Three Dragon Eye aircraft on a hillside waiting for deployment
During the 2013 research flights, scientists from NASA Ames prepare Dragon Eye UAVs to study the plume above the Turrialba Volcano in Costa Rica.
Image Credit: 
NASA/Randy Berthold
The project directly supports the current Terra and ASTER missions and NASA's planned Hyperspectral Infrared Imager (HyspIRI) mission by improving satellite data-based observations of gases and aerosols associated with volcanic activity as well as volcanic emission transport models.
Turrialba was chosen because the continuously-erupting volcano has a relatively minimal updraft and wind shear with minimal ash content. In addition, commercial and private air traffic is very infrequent in the airspace around and over Turrialba volcano.
During the research flights in 2013, the team coordinated its data gathering with the ASTER instrument on NASA's Terra spacecraft, allowing scientists to compare sulfur dioxide concentration measurements from the satellite with measurements taken from within the plume. 
Through the fall, the FrankenEye project will continue to develop the aircrafts' capabilities by focusing on sensor integration and a larger triple-fuselage design. This research effort seeks to show that FrankenEye is more than the sum of its parts and can be optimized to be more capable than its individual units.

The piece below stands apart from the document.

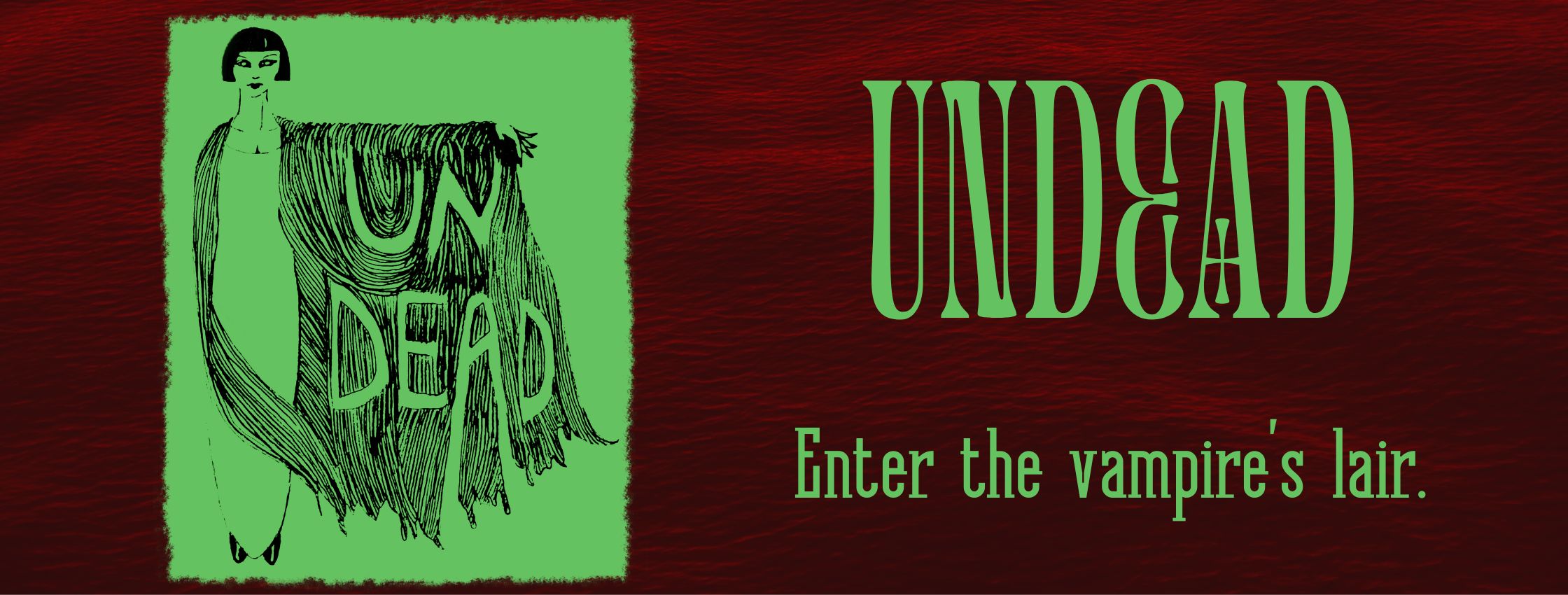 Image of red tinted ocean waves with a green drawing of a woman holding out a cape that says “UNDEAD.” Large text reads “UNDEAD” with smaller text underneath saying “Enter the vampire’s lair.”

Next spring, members of the FrankenEye team will witness their creations take flight over Turrialba volcano. Working alongside NASA Earth science researchers, they will fly the aircraft over and into the volcano's sulfur dioxide plume. Scientists believe computer models derived from this study will help safeguard the National and International Airspace System, improve global climate predictions, and mitigate environmental hazards (e.g., sulfur dioxide containing volcanic smog or "vog") for people who live around volcanoes.